A planned news conference with caretaker coach Eduard Malofeev
was scrapped while Pressley, flanked by team mates Craig Gordon and
Paul Hartley, read out a statement.
"Morale, understandably, is not good and there is significant
unrest in the dressing room," Pressley said, reading from the
statement after training.
The extraordinary move follows repeated interference in team
selection by Lithuanian owner Vladimir Romanov and comes just days
after manager Valdas Ivanauskas announced he was taking two weeks'
rest for health reasons.
"I have tried, along with the coaching staff and certain
colleagues, to implement the correct values and discipline but it
has become an impossible task," the statement said.
"There is only so much coaching staff, a captain and certain
colleagues can do without the full backing, direction and coherence
of the manager and those running the football club.

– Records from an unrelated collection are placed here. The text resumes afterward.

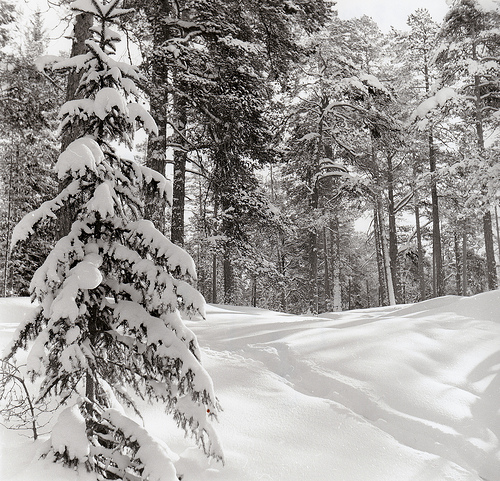 Tracks In Snow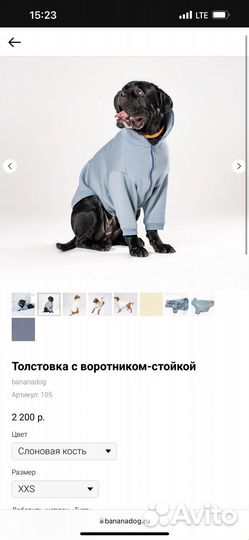 Худи для собак XS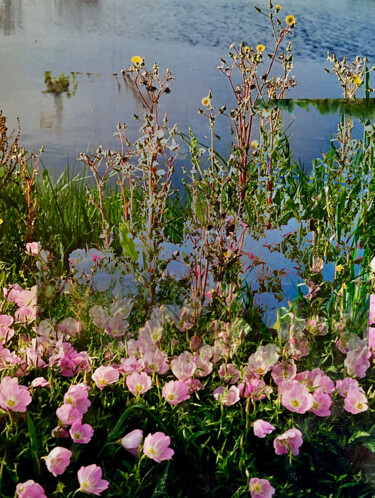 Photographie intitulée "Primroses, Louisiana" par Charlotte Daigle, Œuvre d'art originale, Photographie numérique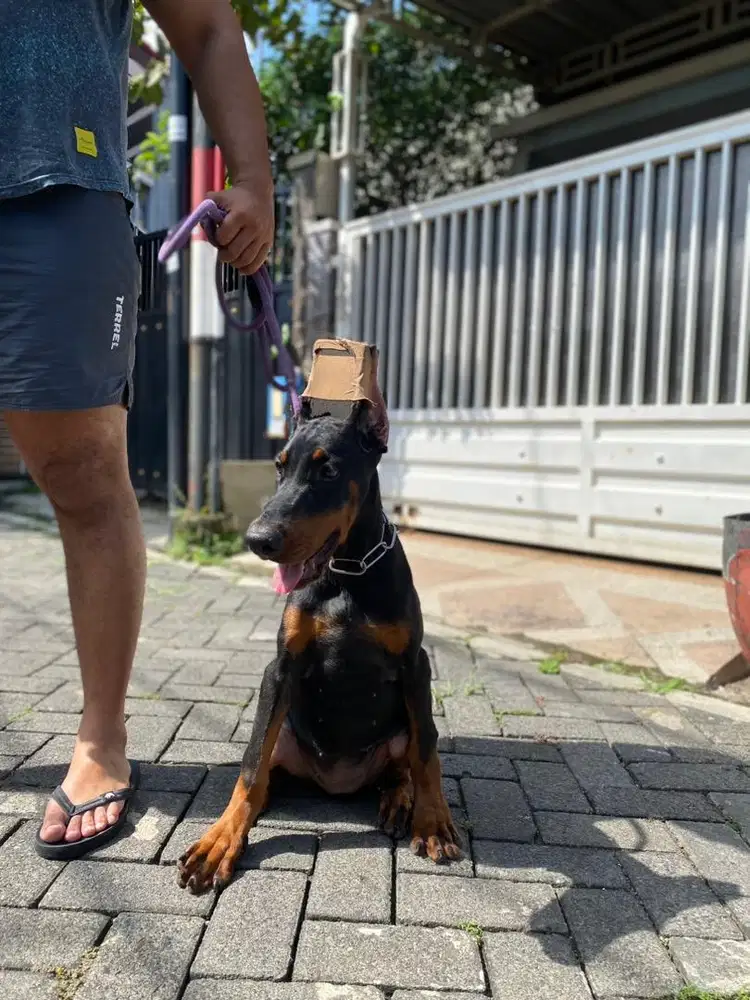 Doberman Betina Super Quality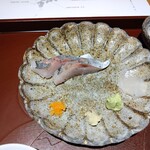 馳走 啐啄一十  - 瀬付き鯵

"The last two years have been testing for the players and
together they have faced a number of challenges."
The BBC reported that Romanov had threatened to sell all the
players if they failed to beat Dunfermline on Saturday.
The BBC said Romanov would move players "to Kilmarnock or
whatever club will take them" and then play a team of youngsters
against Celtic next weekend.
Former manager George Burley left last October while the club
topped the Scottish Premier League amid reports of a bust-up with
Romanov trying to pick the team.
His replacement Graham Rix was sacked after it emerged he
told the players he no longer chose the team. He was replaced by
Ivanauskas.
Hearts trail leaders Celtic in the Scottish title race by
eights points with 20 from 11 games and have already crashed out of
the Champions League and UEFA Cup this season.